**Data provided**
/---

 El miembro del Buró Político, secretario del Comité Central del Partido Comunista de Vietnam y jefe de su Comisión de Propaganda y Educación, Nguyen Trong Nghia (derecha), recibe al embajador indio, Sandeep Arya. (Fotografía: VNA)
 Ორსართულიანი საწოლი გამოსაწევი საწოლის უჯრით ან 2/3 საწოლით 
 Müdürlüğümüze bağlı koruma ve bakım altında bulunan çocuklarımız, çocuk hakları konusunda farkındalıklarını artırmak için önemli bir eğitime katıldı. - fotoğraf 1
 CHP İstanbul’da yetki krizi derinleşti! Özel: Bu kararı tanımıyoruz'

\---
/---

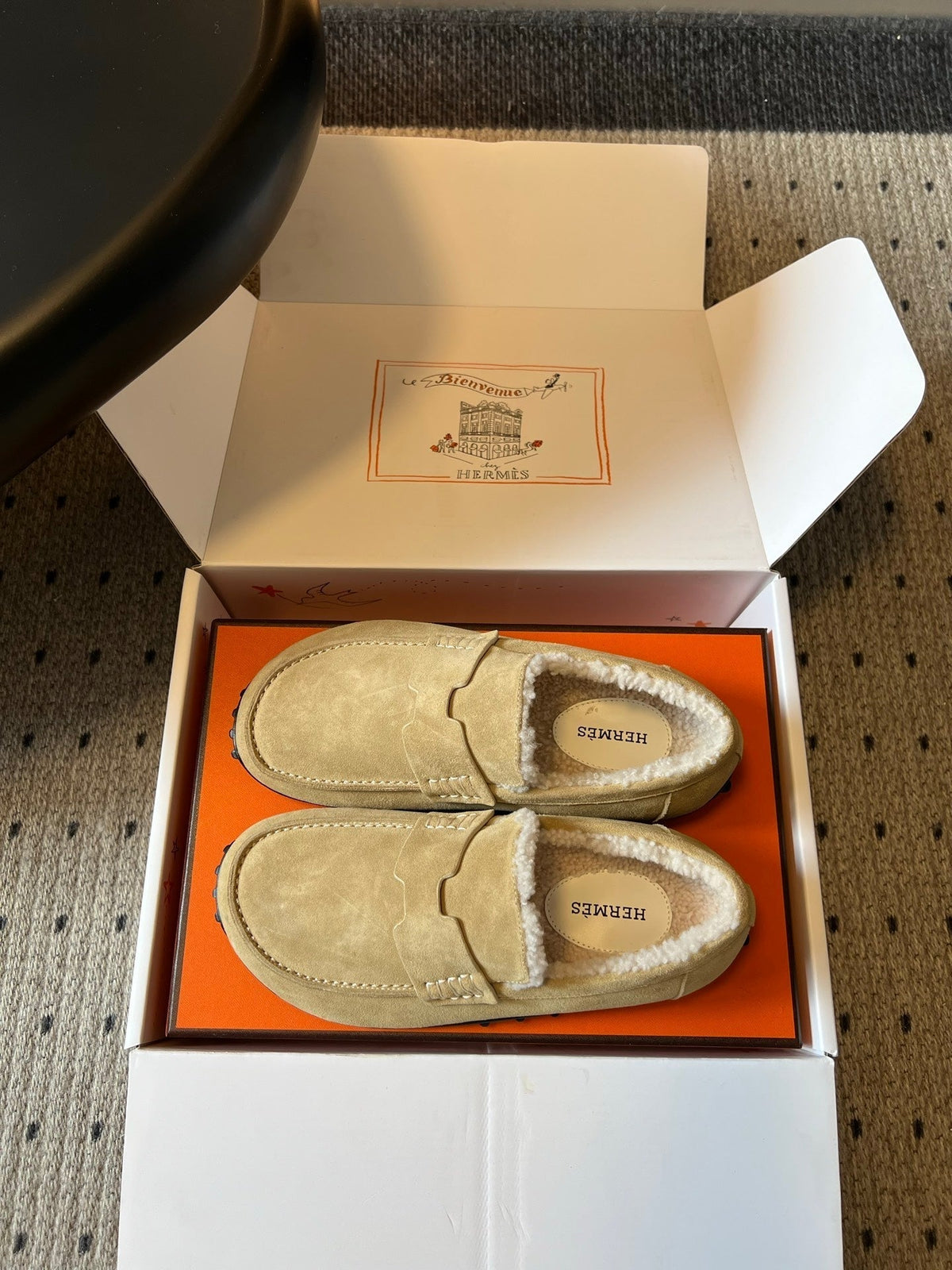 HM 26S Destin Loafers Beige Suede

\---
/---

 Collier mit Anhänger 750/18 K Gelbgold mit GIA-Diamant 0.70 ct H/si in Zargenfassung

\---

**Your objective**
Starting with the line above that holds "Müdürlüğümüze bağlı koruma" and stopping with the line that holds "CHP İstanbul’da yetki", reproduce each line exactly, omitting all other lines.

**Result for this task**
 Müdürlüğümüze bağlı koruma ve bakım altında bulunan çocuklarımız, çocuk hakları konusunda farkındalıklarını artırmak için önemli bir eğitime katıldı. - fotoğraf 1
 CHP İstanbul’da yetki krizi derinleşti! Özel: Bu kararı tanımıyoruz'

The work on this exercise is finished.